Entries provided Block Start
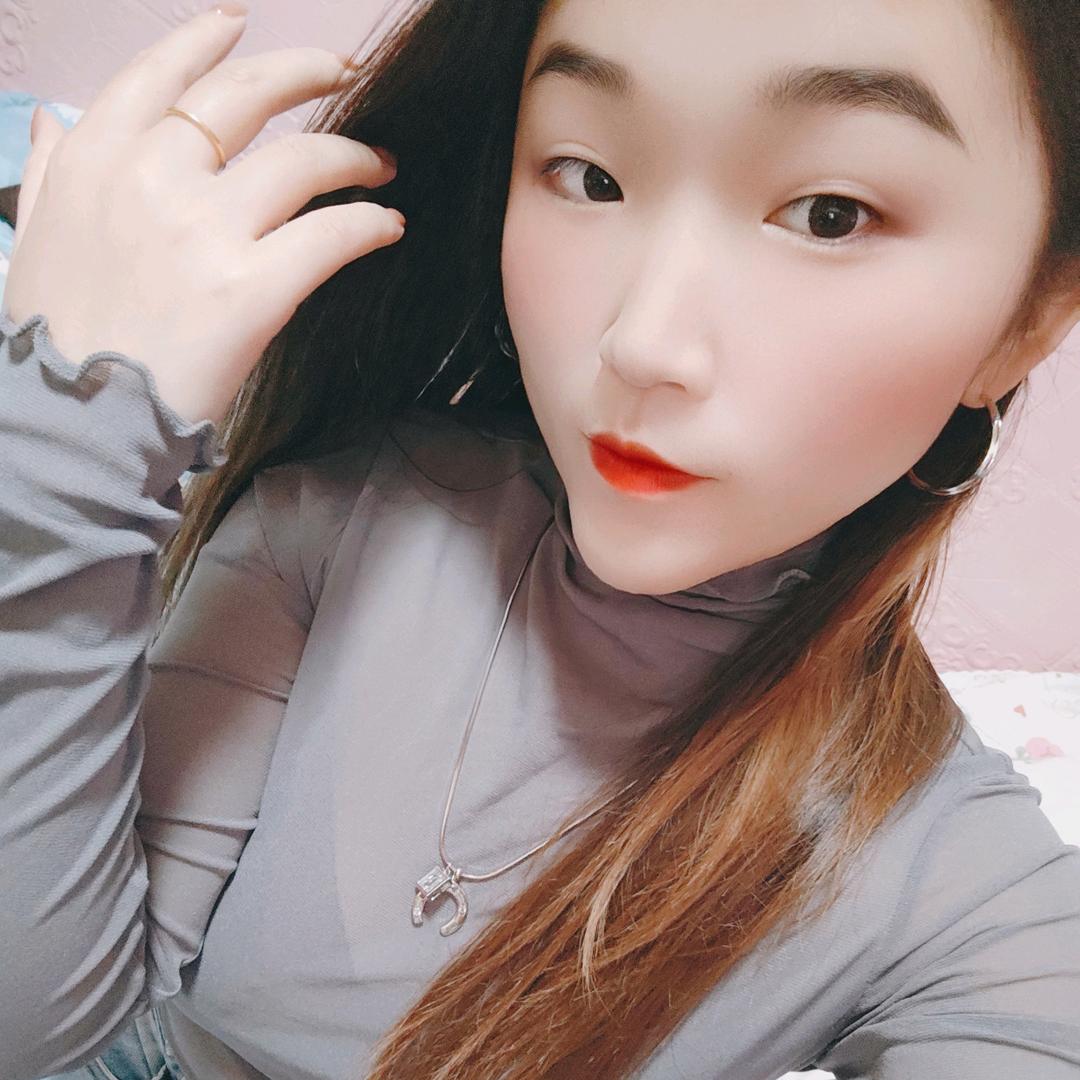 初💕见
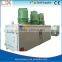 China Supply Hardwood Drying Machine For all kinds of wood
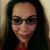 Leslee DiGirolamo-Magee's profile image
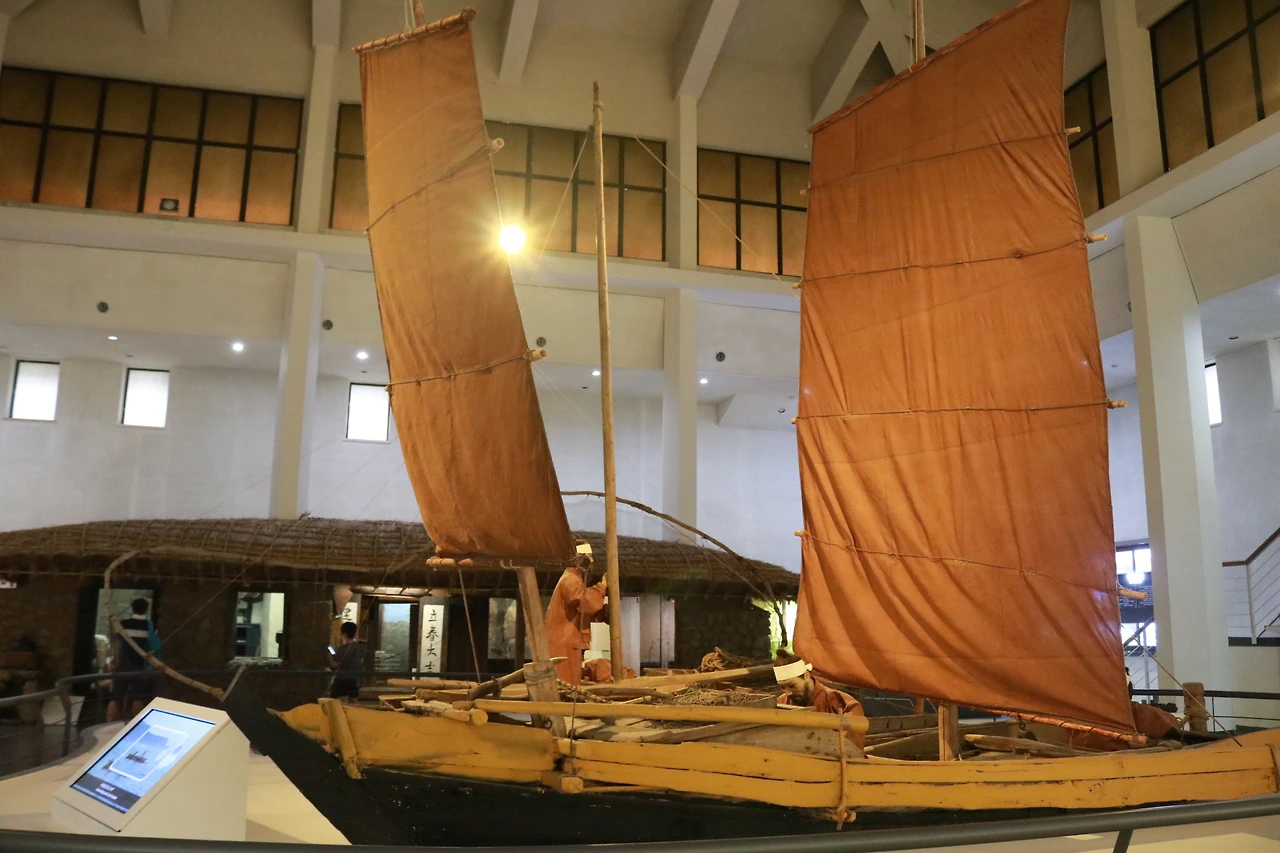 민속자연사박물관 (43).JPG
Entries provided Block End
Entries provided Block Start
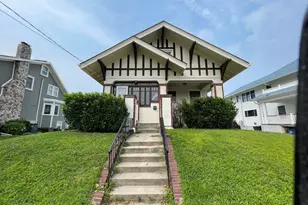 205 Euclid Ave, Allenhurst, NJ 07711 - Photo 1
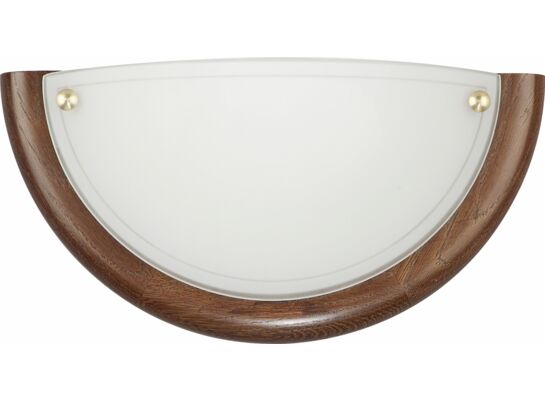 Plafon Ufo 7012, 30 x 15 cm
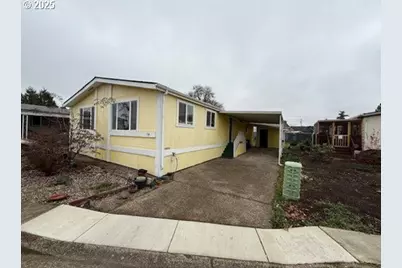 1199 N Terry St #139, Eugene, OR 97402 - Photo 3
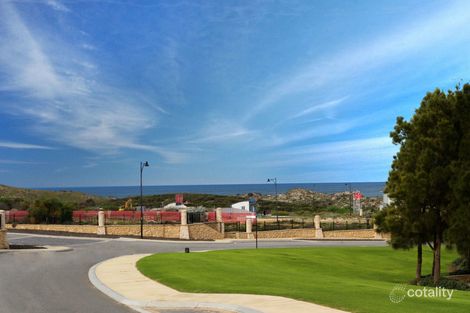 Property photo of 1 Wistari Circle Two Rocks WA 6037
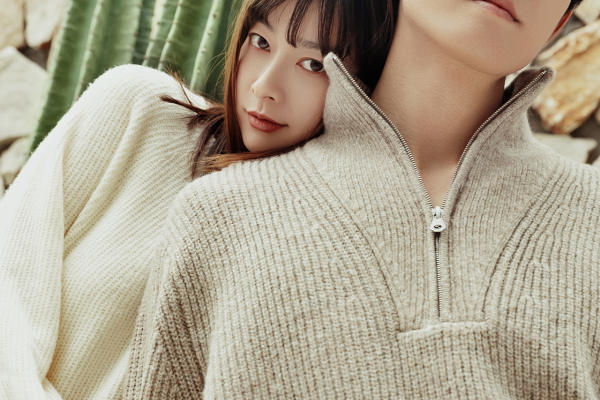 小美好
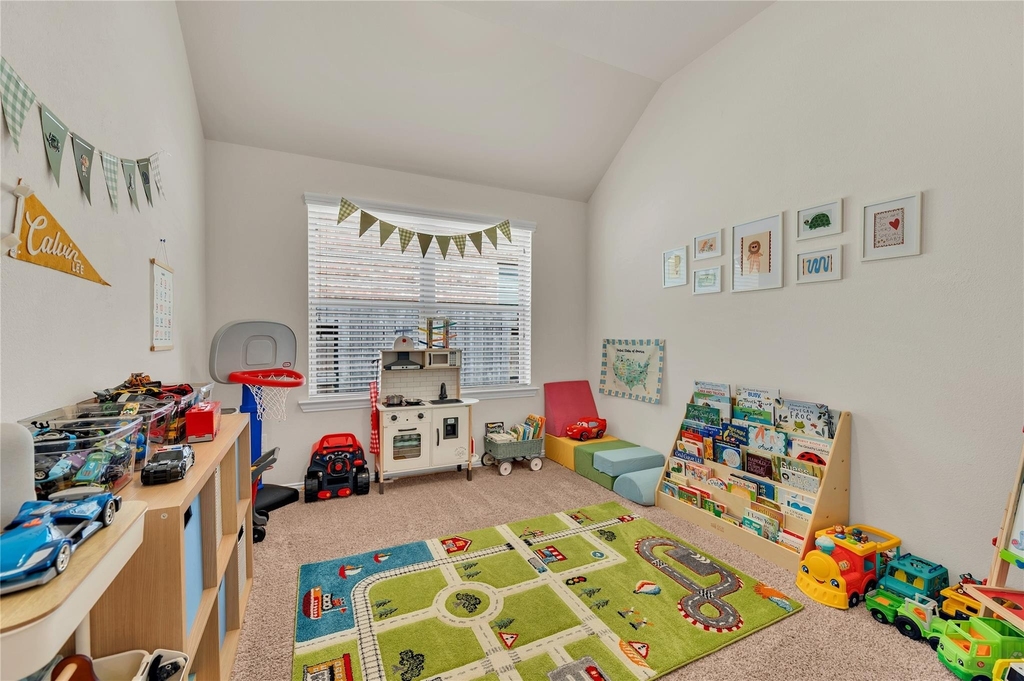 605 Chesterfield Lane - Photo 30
Entries provided Block End
§ **Aim of the exercise**: Would you copy, word for word, only the lines above from the one containing "1199 N Terry" through the one containing "605 Chesterfield Lane - Photo 30", both included, and please leave out the pictures?

§ **Your response**:
 1199 N Terry St #139, Eugene, OR 97402 - Photo 3
 Property photo of 1 Wistari Circle Two Rocks WA 6037
 小美好
 605 Chesterfield Lane - Photo 30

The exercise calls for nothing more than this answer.